Trouble was, soon after taking Abilify Andy developed side effects (akasthesia and mental sluggishness) and had to go off the med. Nevertheless, apparently with the consent of BMS, Andy continued to deliver speeches written by BMS. He was paid $40,000 per reading.
(The image you see is a photoshopped cover of BP magazine, featuring Andy and what used to be a pile of books. The "sold out" slash is from the original cover.)
The same day the WSJ story broke, a mass email from Andy arrived with this heading: "Andy Behrman Tells the Truth," with the message to read all about it in his soon-to-be-released tell-all book.
That did it. Forget about Pat Risser. Time to blog about Andy Behrman, which I posted on Thursday. The piece concluded with:
"Um, Andy. I think I'm detecting an anomaly in the truth-reality continuum here. Here is where I'm confused: If you are telling the truth now, precisely what the hell were you telling four years ago?"
That same day, Andy commented to my blog, but did not answer my question. Rather, he curiously made himself out to be a hero for disclosing that he turned down an additional $50,000 from BMS.
Nevertheless, on Friday I decided to run Andy's comments as a blog post.
This morning, I viewed his short video, entitled: "Abilify Kills." Says Andy in the video: "I stopped taking Abilify because I didn't want to experience the final side effect - death."
Okay, Andy. No more Mr Nice Guy.
According to Andy's own account in "Electroboy," as described by the WSJ: "He spent time as a stripper, swindled friends and family out of thousands of dollars for a film project he never completed, and ran an art forgery scheme that cost him five months in prison."
The subtitle of Andy's book is "A Memoir of Mania," but could well have been "A Memoir of How I Blew Cocaine Up My Nose."
Was it the mania? Was it the cocaine? Who knows? But one thing we know for certain, Andy's word counts for nothing. He's been a con artist all his life, and in true con artist fashion, he has never taken responsibility for his actions.

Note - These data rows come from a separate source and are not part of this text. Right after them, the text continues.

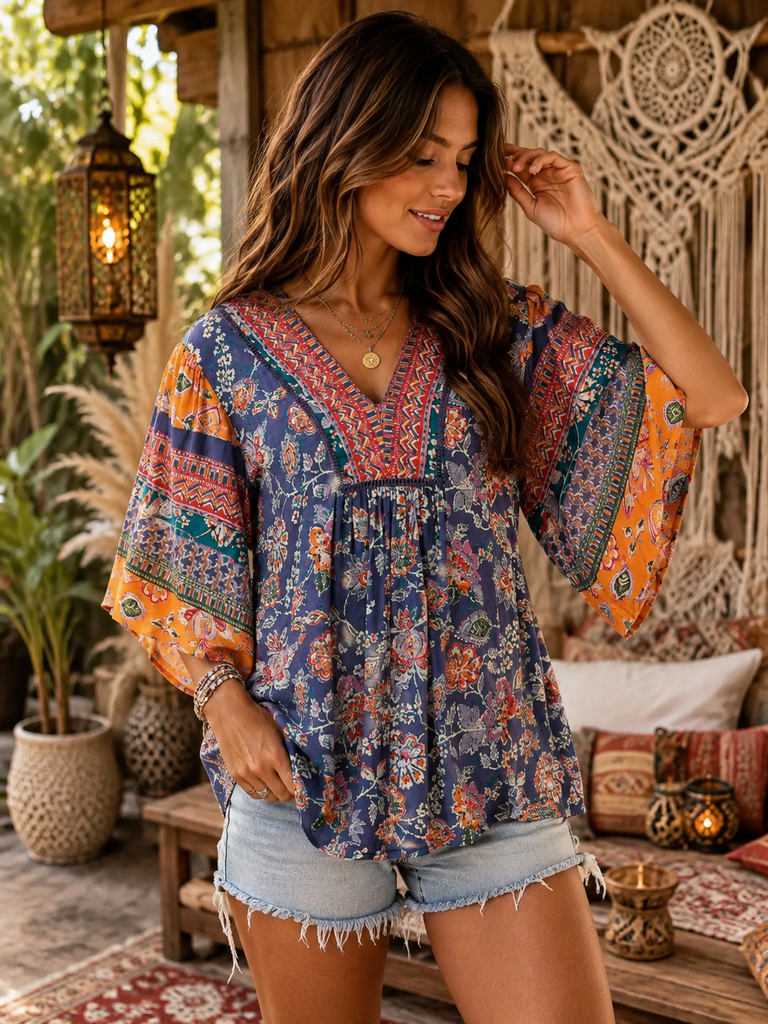 Boho V-Neck Printed Blouse - Multi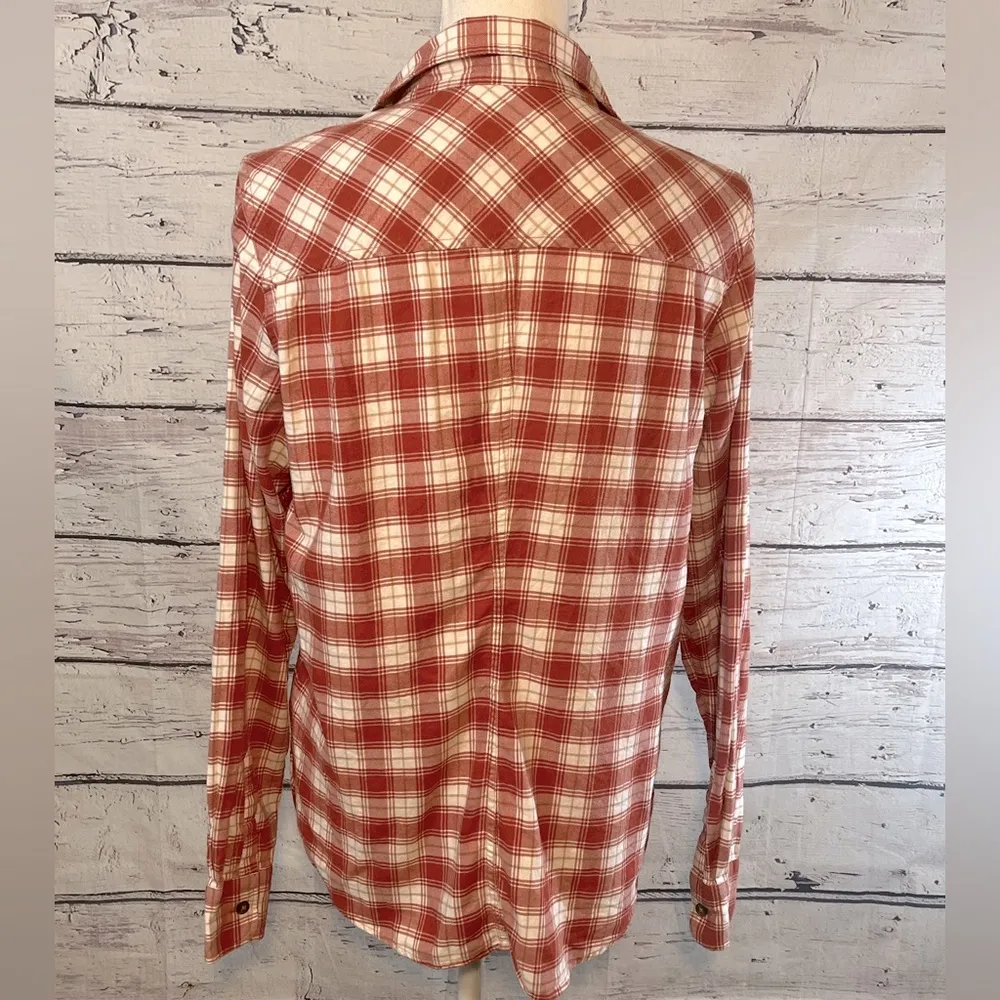 PENDLETON Button Down Shirt 100% Cotton Plaid Rust/White-Large - Image 3
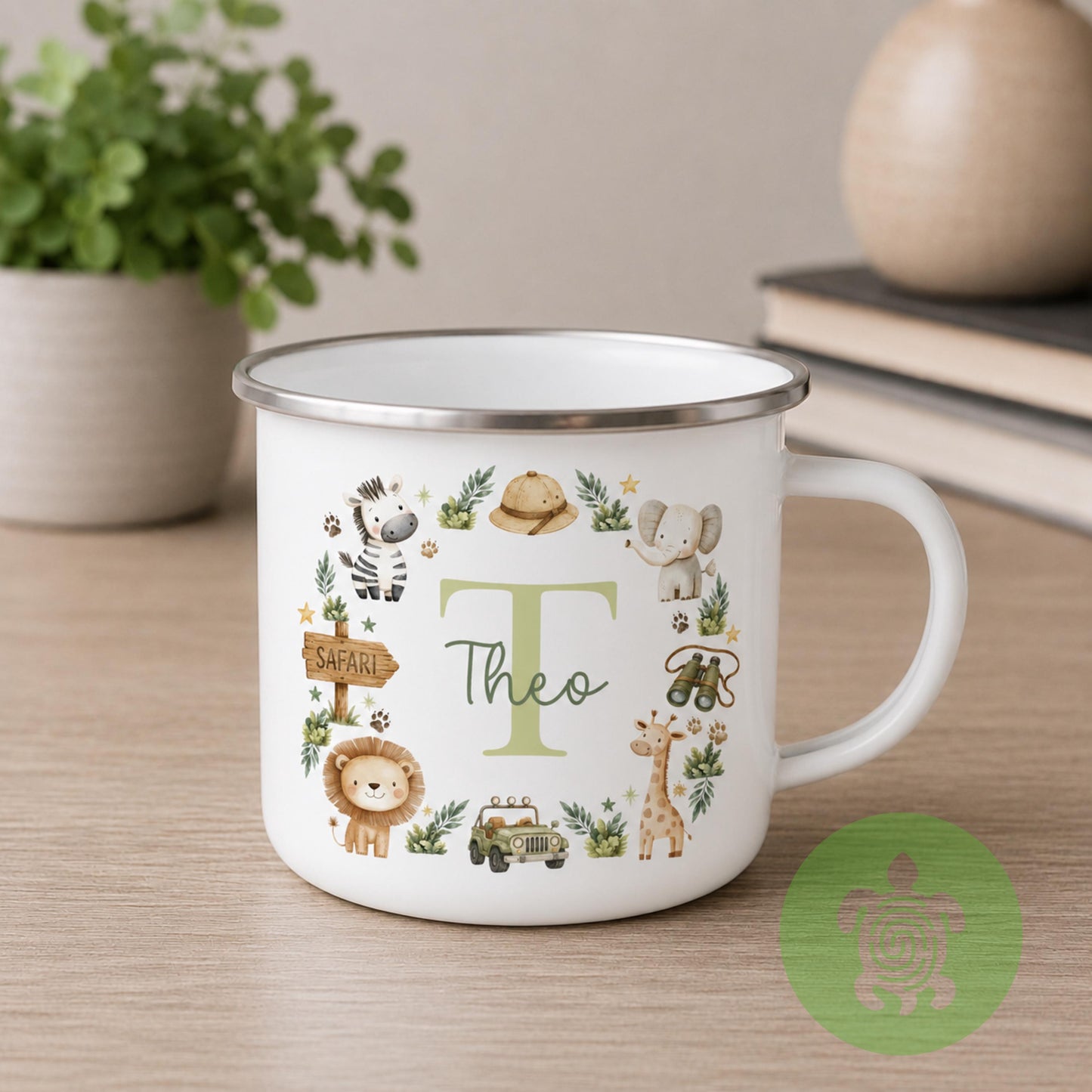 Personalised Boys Enamel Mug, Custom Name & Initial Cup, Dinosaur Safari Construction Racing Car Camping Mug, Birthday Gift for Boys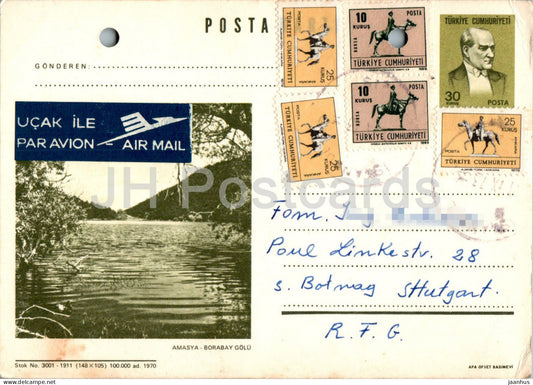 Amasya - Borabay Golu - 3001 - 1973 - Turkey - used - JH Postcards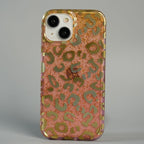 iPhone Series Luxury Gold Leopard Print Glitter Case with Glossy Finish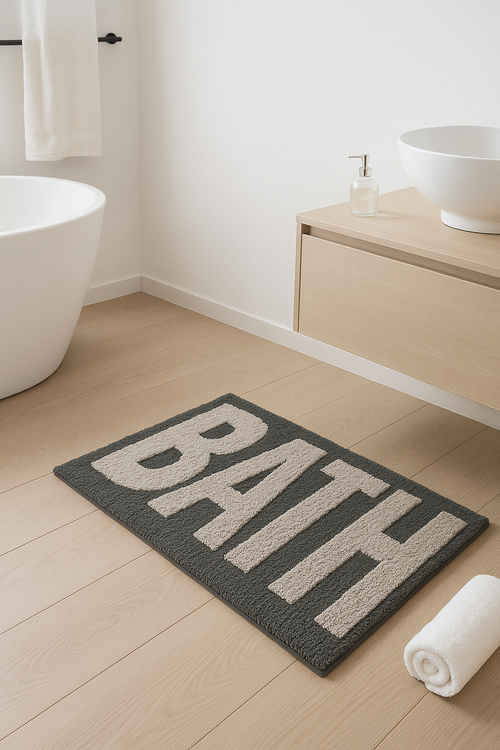 Tapis de bain lettres dessin antiderapant doux absorbant - vue 2 sur 2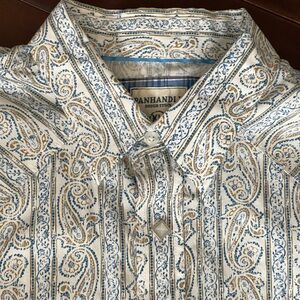 Panhandle Rough Stock Long Sleeve Western Shirt with pearl buttons - XL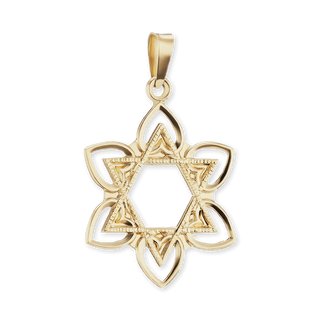 14K Gold Star of David with Flower Pendant (20 x 19 mm)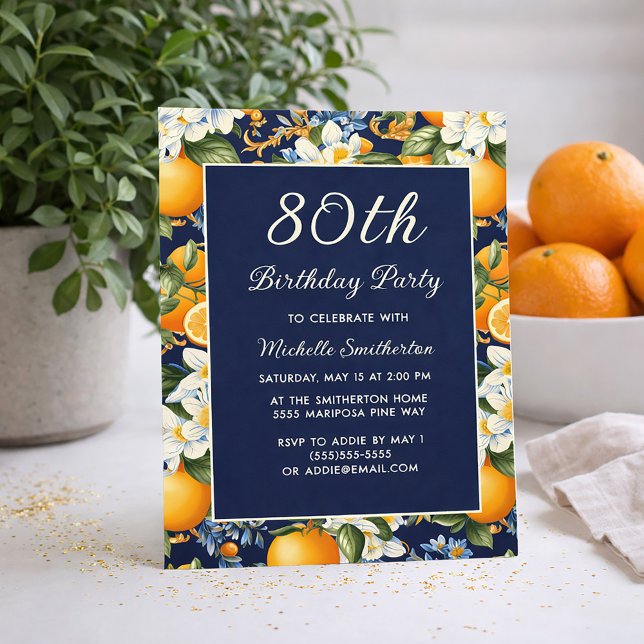 Convite Laranjas Flores Brancas Azul Marinho 80º Aniversár (Oranges on navy blue 80th birthday invitation)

Rather, he is an expert in reframing events to cast himself as the hero: first for disclosing his illness in Electroboy, and now for blowing the whistle on Pharma ...
He also relishes the victim role: first as a puppet at the mercy of his alleged mania, and now as the puppet caught in an evil Pharma conspiracy.
In true con artist fashion, Andy views people as marks, easy targets: First, all those he defrauded in his life as a Manhattanite on the make. Then a patient community looking for a bipolar hero. Then a low IQ drug company with money to burn together with a patient community that trusted Pharma. And, last but not least, a patient community that has turned on Pharma.
Finally, in true con artist fashion, Andy shows no remorse for his true victims, the people who believed him. "No side effects ... Abilify kills." How many patients have been harmed as a result? First those who never should have gone on Abilify. Now those who never should go off.
I wish I could say we have seen the last of Andy, but he happens to be a brilliant self-promoter. I'm sure his book will be a best-seller and that his "Electroboy" movie proposal - the one he's been telling us for the last five years is about to go into production any month now - will finally get green-lighted.
Ironically, we inherited both Andy and Abilify from Pat Risser's generation. Had our community actually been blessed with smart advocates - like those AIDS heroes who demanded and got serious funding - we might actually have much better treatments right now.
Enough. Time to start packing. Tomorrow, I'll be in San Francisco listening to smart people. It can't come soon enough.